Where a buyer purchases a business through an asset purchase sale, any then-existing employment agreements do not apply to activities beyond the sale date. Addison Whitney, LLC v. Brannon Cashion, et al, 2019 NCBC 16 (J. Conrad). As a result, Plaintiff could not maintain claims for breach of employment agreements against certain Defendants where their purported bad acts occurred after Plaintiff purchased the assets of the former company.
In 2007, inVentive Health, Inc. acquired Addison Whitney, Inc. (“AW”) through an asset purchase sale. At the time of the sale, three of the defendants had written employment agreements (“EA””) with AW that specified ownership rights in the company related to certain work product (i.e., trademarks, new product ideas, etc.) created by them while on the job. After the sale, inVenti changed the company’s name to Addison Whitney, LLC (“Addison Whitney”), and the three defendants continued to work for Plaintiff for the next ten years. In 2016, the three defendants and other executives began to create ideas and work product that they failed to share with Plaintiff. When Defendants left Plaintiff in 2017 to start a new company that competed with Plaintiff, Defendants used the ideas and work product created in 2016 to further the new company. Plaintiffs filed suit and sought a declaration that, based on the EAs, it both owned the ideas and the work product created in 2016 and that defendants’ actions constituted a breach of the EAs.

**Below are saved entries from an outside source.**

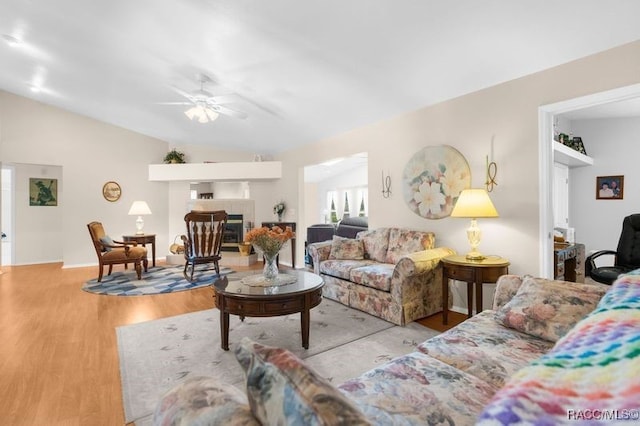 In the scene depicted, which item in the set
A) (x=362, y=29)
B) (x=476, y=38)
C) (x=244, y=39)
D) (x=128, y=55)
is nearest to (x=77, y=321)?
(x=128, y=55)

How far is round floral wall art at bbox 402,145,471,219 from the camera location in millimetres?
3553

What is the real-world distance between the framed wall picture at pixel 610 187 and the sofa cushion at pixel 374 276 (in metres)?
4.14

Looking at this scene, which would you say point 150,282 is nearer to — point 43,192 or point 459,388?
point 43,192

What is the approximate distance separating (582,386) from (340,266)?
326cm

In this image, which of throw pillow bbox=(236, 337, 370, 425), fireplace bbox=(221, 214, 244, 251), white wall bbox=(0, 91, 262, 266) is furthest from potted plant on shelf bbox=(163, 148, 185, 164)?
throw pillow bbox=(236, 337, 370, 425)

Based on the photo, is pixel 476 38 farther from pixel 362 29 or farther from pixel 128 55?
pixel 128 55

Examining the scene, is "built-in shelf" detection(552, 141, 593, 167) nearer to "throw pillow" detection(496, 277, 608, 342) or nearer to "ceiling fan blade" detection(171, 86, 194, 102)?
"throw pillow" detection(496, 277, 608, 342)

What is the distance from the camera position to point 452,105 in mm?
3584

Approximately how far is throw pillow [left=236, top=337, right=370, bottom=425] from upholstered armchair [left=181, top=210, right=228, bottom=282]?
15.0 ft

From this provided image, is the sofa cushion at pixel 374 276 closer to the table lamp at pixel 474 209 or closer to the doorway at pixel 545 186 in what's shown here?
the table lamp at pixel 474 209

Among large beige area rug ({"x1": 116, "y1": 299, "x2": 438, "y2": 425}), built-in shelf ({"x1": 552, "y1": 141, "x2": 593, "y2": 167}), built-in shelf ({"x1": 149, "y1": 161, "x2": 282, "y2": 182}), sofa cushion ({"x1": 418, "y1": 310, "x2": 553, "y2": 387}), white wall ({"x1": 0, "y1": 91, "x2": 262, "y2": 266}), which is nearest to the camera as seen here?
sofa cushion ({"x1": 418, "y1": 310, "x2": 553, "y2": 387})

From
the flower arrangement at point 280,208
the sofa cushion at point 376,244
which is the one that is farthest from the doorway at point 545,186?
the flower arrangement at point 280,208

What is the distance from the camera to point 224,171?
22.3 feet

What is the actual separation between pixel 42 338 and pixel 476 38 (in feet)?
14.9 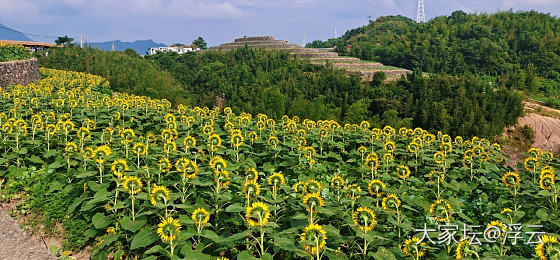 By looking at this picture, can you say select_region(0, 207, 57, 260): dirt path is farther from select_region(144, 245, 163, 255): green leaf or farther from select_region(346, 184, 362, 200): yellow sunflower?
select_region(346, 184, 362, 200): yellow sunflower

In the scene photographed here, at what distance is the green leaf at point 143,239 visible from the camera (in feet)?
6.81

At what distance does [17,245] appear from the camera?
2816mm

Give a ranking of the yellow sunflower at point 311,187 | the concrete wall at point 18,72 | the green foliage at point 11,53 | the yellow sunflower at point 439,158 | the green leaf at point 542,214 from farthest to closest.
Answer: the green foliage at point 11,53 < the concrete wall at point 18,72 < the yellow sunflower at point 439,158 < the green leaf at point 542,214 < the yellow sunflower at point 311,187

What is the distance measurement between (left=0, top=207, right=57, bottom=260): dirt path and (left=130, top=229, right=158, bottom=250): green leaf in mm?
1058

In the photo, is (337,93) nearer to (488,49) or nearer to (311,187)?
(488,49)

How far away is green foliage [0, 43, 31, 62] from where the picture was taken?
39.3ft

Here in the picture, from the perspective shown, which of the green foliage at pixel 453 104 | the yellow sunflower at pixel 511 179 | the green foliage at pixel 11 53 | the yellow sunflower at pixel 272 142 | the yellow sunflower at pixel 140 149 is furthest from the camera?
the green foliage at pixel 453 104

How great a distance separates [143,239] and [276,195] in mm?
912

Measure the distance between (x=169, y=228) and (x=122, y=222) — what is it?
0.61 meters

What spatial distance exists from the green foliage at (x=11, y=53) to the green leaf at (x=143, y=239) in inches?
510

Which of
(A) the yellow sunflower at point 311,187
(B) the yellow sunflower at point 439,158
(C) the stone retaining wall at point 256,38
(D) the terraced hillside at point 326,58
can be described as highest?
(C) the stone retaining wall at point 256,38

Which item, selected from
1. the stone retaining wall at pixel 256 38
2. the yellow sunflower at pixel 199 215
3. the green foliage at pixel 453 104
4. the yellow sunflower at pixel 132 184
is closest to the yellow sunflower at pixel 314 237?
the yellow sunflower at pixel 199 215

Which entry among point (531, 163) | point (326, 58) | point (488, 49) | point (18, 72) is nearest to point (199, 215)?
point (531, 163)

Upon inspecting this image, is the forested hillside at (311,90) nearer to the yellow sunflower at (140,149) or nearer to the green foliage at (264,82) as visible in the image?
the green foliage at (264,82) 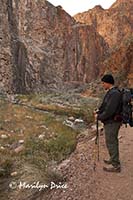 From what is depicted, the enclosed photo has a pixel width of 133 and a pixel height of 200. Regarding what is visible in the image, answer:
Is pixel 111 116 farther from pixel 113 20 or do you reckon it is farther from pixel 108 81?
pixel 113 20

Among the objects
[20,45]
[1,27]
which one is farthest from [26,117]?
[20,45]

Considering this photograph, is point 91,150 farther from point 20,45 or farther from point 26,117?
point 20,45

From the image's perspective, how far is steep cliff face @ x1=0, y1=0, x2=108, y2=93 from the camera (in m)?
37.6

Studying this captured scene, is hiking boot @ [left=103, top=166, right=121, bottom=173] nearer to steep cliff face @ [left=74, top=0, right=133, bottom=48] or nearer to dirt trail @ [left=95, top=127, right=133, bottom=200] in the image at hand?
dirt trail @ [left=95, top=127, right=133, bottom=200]

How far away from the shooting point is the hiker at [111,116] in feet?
23.5

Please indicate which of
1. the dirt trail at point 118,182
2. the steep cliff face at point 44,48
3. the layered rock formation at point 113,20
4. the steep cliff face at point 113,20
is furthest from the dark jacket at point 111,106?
the steep cliff face at point 113,20

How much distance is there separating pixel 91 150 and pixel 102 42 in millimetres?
67387

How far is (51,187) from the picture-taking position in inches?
273

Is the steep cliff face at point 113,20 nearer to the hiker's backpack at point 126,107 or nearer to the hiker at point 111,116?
the hiker at point 111,116

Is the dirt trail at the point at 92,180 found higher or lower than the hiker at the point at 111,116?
lower

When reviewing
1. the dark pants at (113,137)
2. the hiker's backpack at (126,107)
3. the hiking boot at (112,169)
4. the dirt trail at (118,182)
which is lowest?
the dirt trail at (118,182)

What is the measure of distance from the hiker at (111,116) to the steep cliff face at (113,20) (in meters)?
90.1

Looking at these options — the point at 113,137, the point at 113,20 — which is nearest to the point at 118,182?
the point at 113,137

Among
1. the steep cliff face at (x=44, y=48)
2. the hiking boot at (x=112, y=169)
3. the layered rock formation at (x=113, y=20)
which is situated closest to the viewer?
the hiking boot at (x=112, y=169) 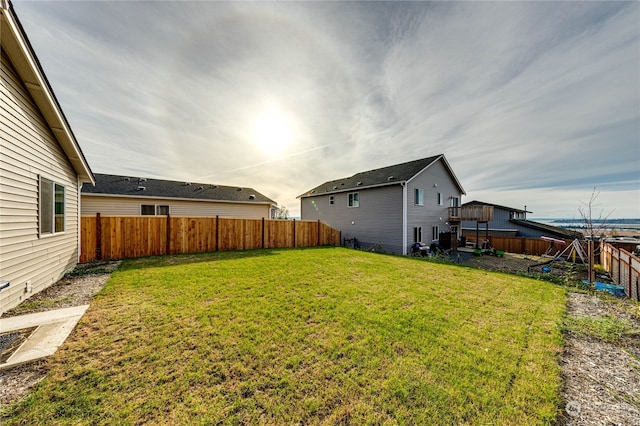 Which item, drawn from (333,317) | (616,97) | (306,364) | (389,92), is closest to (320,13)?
(389,92)

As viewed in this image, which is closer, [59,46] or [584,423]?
[584,423]

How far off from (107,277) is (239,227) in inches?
237

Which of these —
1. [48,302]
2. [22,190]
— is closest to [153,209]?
[22,190]

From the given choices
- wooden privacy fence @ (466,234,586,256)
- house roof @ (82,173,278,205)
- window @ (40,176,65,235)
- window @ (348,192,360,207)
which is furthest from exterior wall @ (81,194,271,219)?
wooden privacy fence @ (466,234,586,256)

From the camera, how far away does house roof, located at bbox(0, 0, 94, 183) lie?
11.8 ft

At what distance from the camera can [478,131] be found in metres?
11.6

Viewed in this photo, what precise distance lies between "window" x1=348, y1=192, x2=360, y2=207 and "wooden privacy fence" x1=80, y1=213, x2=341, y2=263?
4686mm

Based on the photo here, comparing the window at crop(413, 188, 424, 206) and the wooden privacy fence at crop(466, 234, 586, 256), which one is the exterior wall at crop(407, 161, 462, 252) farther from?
the wooden privacy fence at crop(466, 234, 586, 256)

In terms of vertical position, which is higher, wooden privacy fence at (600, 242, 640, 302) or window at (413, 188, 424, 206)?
window at (413, 188, 424, 206)

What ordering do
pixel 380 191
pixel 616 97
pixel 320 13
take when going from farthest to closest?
1. pixel 380 191
2. pixel 616 97
3. pixel 320 13

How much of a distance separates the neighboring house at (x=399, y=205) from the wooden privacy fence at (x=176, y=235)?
459 cm

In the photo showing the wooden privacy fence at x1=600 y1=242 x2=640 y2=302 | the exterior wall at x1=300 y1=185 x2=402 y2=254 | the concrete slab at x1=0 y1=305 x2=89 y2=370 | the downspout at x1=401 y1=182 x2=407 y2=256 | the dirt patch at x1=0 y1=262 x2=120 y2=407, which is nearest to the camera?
the dirt patch at x1=0 y1=262 x2=120 y2=407

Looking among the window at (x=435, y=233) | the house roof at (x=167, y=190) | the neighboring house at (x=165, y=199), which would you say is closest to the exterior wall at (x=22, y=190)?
the neighboring house at (x=165, y=199)

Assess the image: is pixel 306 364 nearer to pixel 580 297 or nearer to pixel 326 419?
pixel 326 419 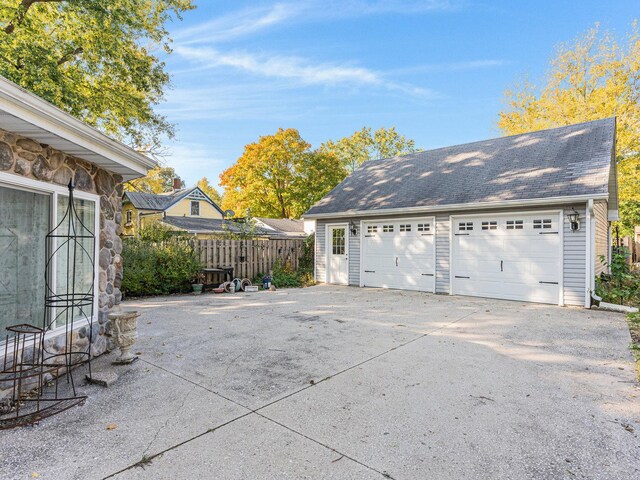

The Business Court disagreed. In granting Defendants’ motion to dismiss any claims based upon the EAs, the Court recognized that the acquisition of a company by an asset purchase (as opposed to a stock or equity purchase) serves to terminate any existing employment relationships. If the buyer chooses to retain any employees, it can only enforce the employment rights as they existed at the time of the sale, but cannot enforce any restriction as if it had been entered into originally by the buyer. As a result, Addison Whitney only obtained AW’s rights in the EAs up to 2007 when AW’s assets were sold. However, the EAs did not apply to any actions after 2007. Because the complaint admitted that the ideas and work the defendants used was created in 2016, the EAs did not cover such activity and Plaintiff could not maintain any claim related to the 2016 activities based upon the EAs. Based upon this decision, businesses should remember that if purchasing a company via an asset purchase sale, any employment agreements (i.e., non-competes, non-solicitation, confidentiality agreements, etc.) do not apply to any employee after the sale’s close. New employment agreements should be entered into with the employees, with appropriate consideration given where applicable.